Knee pain from osteoarthritis (OA) tends to be poorly correlated to degree of cartilage loss. Other factors related to knee OA, including bone marrow edema and synovitis, may be more proximal determinants of pain in knee OA. Synovitis is usually quite limited in knee OA and difficult to quantify on physical exam. Magnetic resonance (MR) imaging is a more sensitive technique for assessing synovitis in knee OA. Here, Hill et al (Ann Rheum Dis 2007; 66: 1599) explore changes in knee pain according to changes in knee structures, including synovitis, in participants in the Boson Osteoarthritis of the Knee Study.
The Boston Osteoarthritis of the Knee Study is a prospective cohort study investigating the natural history of symptomatic knee OA. MR assessment, performed at baseline and repeated after 15 and 30 months, was evaluated for cartilage morphology and synovial thickening. The association between change in synovitis scores with reported knee symptoms and cartilage loss were explored using the generalized estimating equation (GEE) method.

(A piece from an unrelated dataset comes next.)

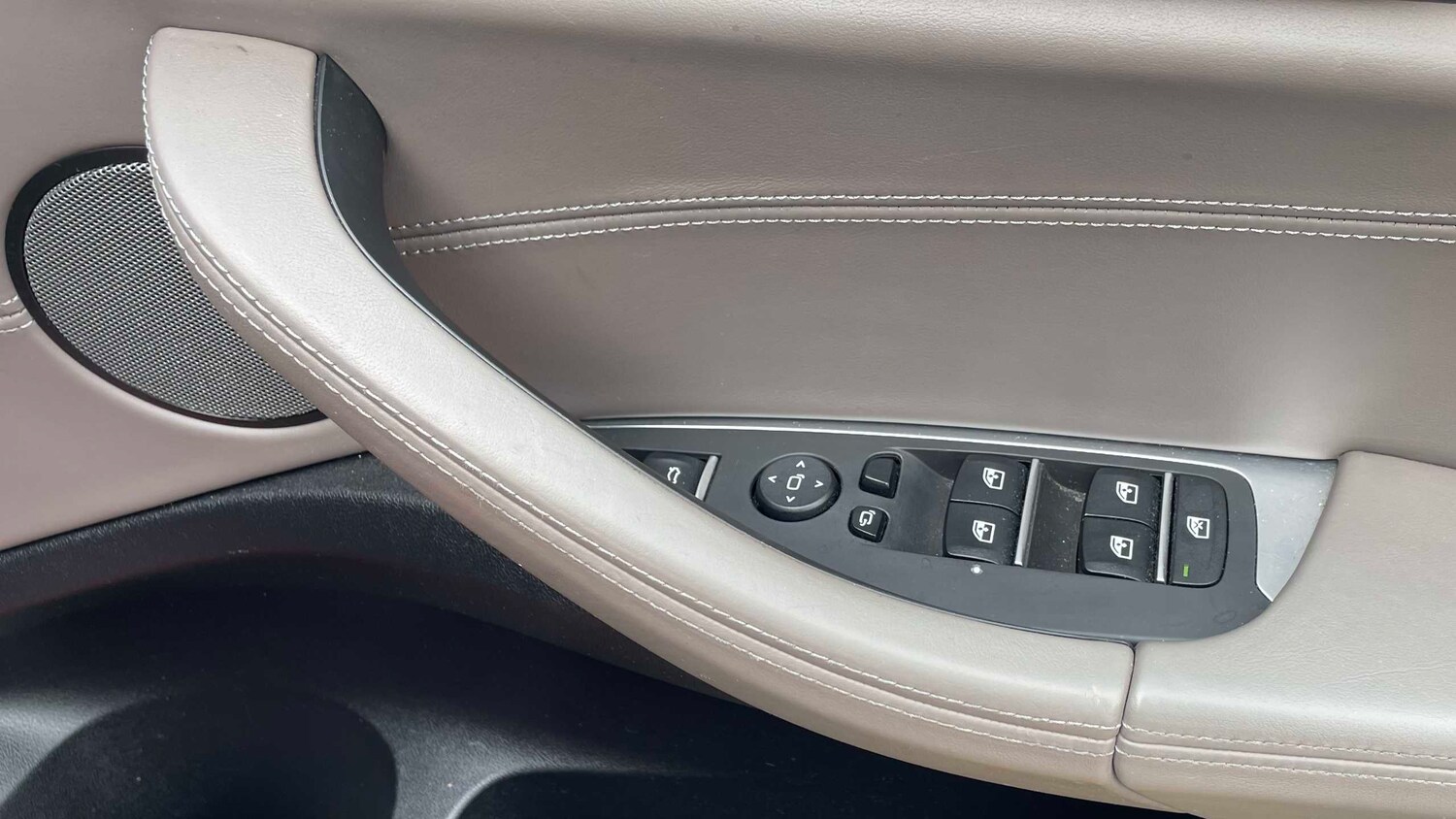 Used BMW X4 for sale - 78209244: Photo 31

A total of 270 participants (59% male) with a mean age of approximately 67 years had at least one follow-up MR study. At baseline, the median Kellgren-Lawrence grade (a measure of severity of joint space narrowing and osteophytes) was 3, indicating moderate multiple osteophytes, definite narrowing of joints space, some sclerosis and possible deformity of bone contour in most patients. Mean pain score at baseline was 44.2 mm on a 100 mm scale, and decreased slightly, on average, at follow-up. Synovitis was present in approximately 75% of patients at baseline, with most graded as 1 on a semi-quantitative scale ranging Baseline synovitis did not correlate with baseline pain score (r=0.09). However, change in synovitis was moderately correlated with change in pain (r=0.21, p=0.0003). The association between change in synovitis and change in pain was greatest for synovitis located at the infrapatellar and intercondylar fat pads. Cartilage loss was detected in half of patients at follow-up; however, change in synovitis was not significantly associated with change in cartilage at any site.
Changes in knee synovitis were associated with changes in knee pain, but not to changes in cartilage loss, in patients with painful knee OA.

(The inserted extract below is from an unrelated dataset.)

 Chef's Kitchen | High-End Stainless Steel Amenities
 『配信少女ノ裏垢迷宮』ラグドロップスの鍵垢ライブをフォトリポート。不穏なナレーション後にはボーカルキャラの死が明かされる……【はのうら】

These are interesting findings that suggest that pain control in knee OA should include the treatment of synovitis, and provide some support for the analgesic benefits derived from intra-articular injections of corticosteroids and, more recently, biologics. Knee pain in OA is complex and multifactorial, with a combination of structural pathology interacting with pain perception/neurobehavioral pathways resulting in patient assessed symptoms. For this study, no consideration of extra-articular confounders, such as analgesic medication use or depression, was made—factors which could alter the associations observed either in a positive or negative way. Regardless, the findings are compelling and suggest that a follow-up study employing a controlled effective intervention (i.e. injected corticosteroids) should be performed to validate the association.